**WHAT YOU HAVE TO DO:** Report every line of the data where the string "with" appears.

[Crawled caption data]
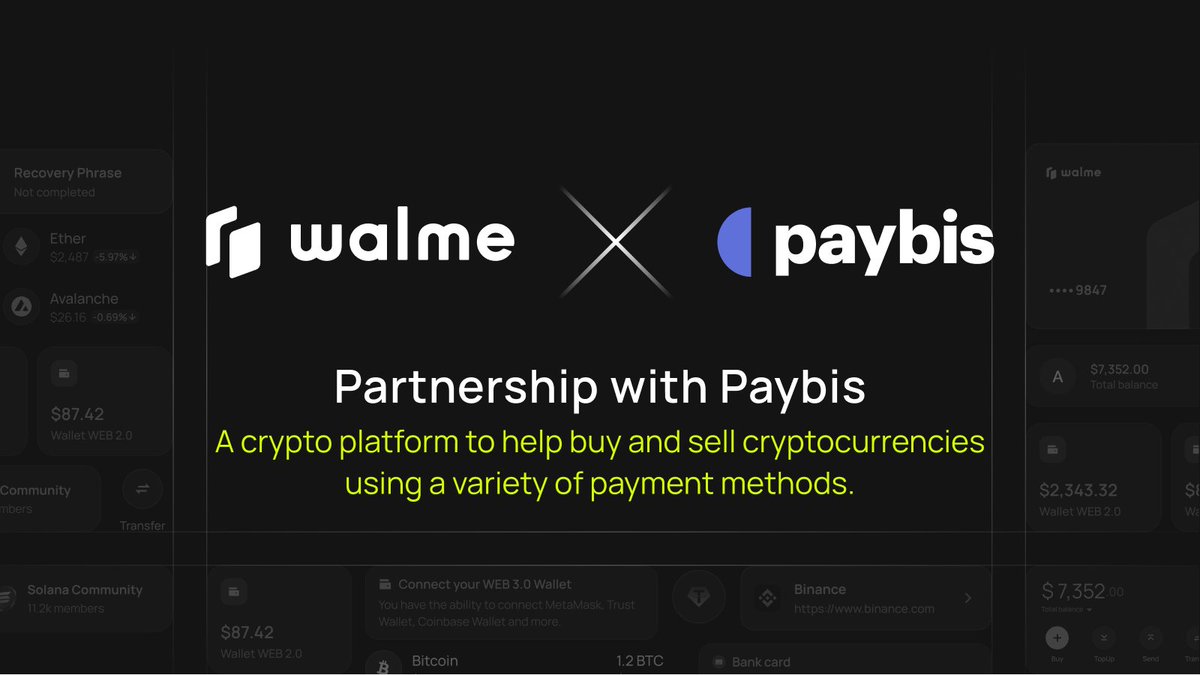 💸 Walme x <a href="/paybis/">Paybis</a> — a new partnership for seamless fiat-to-crypto conversion!

We’ve partnered with one of the industry leaders — Paybis.com — to bring the following features into the Walme app:

🔁 On-ramp, off-ramp, and crypto swap
Buy crypto with your card 💳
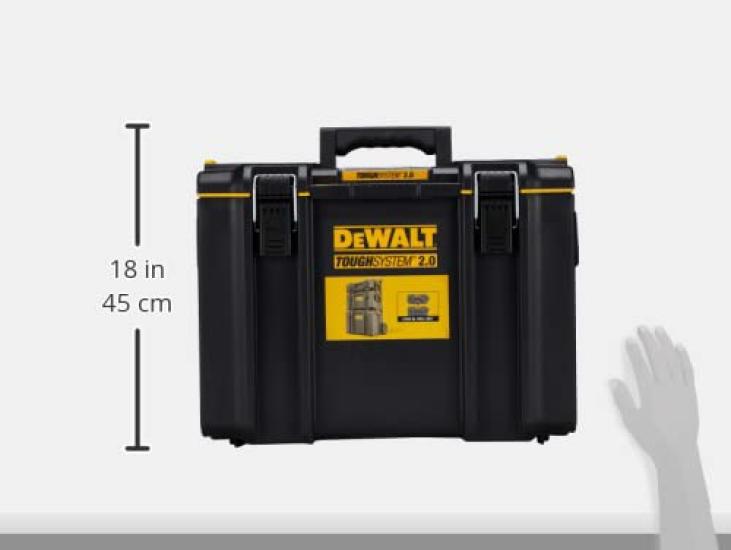 DEWALT Tough System System Aufbewahrungsbox L Größe Werkzeugkiste Aufbewahrungskoffer Werkzeugkiste DS400 Stapelbare Aufbewahrung 2.0 DWST83342-1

**RESPONSE TO THE EXERCISE:**
We’ve partnered with one of the industry leaders — Paybis.com — to bring the following features into the Walme app:
Buy crypto with your card 💳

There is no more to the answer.